Thomas, a 22 year old construction worker, drives a brand new Audi A3. Data from his navigation system reveals he likes to drive fast, to spend less time commuting to and from his work. These data combined with his claiming history, indicates his speeding behavior can be categorized as high risk behavior. His driving style is not only getting him tickets, it is also an enormous risk factor.
Barbara, on the other hand; a 38-year-old stay-at-home mom, owner of a Renault Espace, only drives relatively short distances. She doesn’t spend a lot of time in traffic, and when she does she has a decent driving style. Based on this data and the fact that she has never filed a claim, it can be assumed that the individual risk of Barbara will be significantly lower than Thomas’.
Now we have the power to identify risk factors on an individual level, we have the knowledge that can be used to prevent future insurance claims from happening. This can be achieved with intelligent recommendation systems. These systems will nudge the behavior of your policyholders to low risk behavior, by recommending small but important changes in your customer’s daily life. To illustrate this, we get back to Thomas and Barbara.

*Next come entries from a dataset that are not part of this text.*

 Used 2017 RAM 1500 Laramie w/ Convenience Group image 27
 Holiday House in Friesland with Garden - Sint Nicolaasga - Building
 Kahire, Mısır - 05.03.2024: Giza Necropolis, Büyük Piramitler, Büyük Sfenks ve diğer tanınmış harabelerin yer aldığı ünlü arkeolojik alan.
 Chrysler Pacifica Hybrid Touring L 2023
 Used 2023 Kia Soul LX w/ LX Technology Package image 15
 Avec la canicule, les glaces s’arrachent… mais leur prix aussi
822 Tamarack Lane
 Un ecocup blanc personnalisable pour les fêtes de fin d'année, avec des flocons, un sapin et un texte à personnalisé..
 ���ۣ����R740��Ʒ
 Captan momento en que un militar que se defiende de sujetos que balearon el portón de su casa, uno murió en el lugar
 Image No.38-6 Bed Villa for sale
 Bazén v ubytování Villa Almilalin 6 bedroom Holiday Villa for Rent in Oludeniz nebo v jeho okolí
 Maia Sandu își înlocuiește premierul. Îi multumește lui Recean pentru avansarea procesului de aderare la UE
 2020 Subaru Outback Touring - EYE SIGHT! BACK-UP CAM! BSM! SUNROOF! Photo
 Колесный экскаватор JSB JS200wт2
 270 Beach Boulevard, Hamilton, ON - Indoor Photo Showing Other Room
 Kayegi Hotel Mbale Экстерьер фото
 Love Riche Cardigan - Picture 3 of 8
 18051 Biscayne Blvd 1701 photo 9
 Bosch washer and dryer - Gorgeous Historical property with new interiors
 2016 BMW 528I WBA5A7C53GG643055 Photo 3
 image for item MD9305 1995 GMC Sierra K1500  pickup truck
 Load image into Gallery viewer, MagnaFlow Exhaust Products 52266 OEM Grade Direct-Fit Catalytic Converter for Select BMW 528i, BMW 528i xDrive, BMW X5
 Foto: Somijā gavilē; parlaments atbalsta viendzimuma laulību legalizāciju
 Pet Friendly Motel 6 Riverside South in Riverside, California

The data coming from Thomas' car indicates that his brakes need maintenance in the near future. However, the data of the insurance company shows that the status of the current brakes in combination with a driving style similar to Thomas' are an high risk factor. Whether, for more decent drivers it has never lead to a problem. To prevent Thomas from getting in a car accident caused by his driving style in combination with the status of his brakes, the insurance company will recommend Thomas to go the garage earlier than the regular periodical maintenance, which was set to be in six months. Besides, the insurance company can provide a substantial discount, to motivate Thomas. This will decrease the chance of Thomas getting in an accident, and is significantly more cost effective than the paying for a car repair.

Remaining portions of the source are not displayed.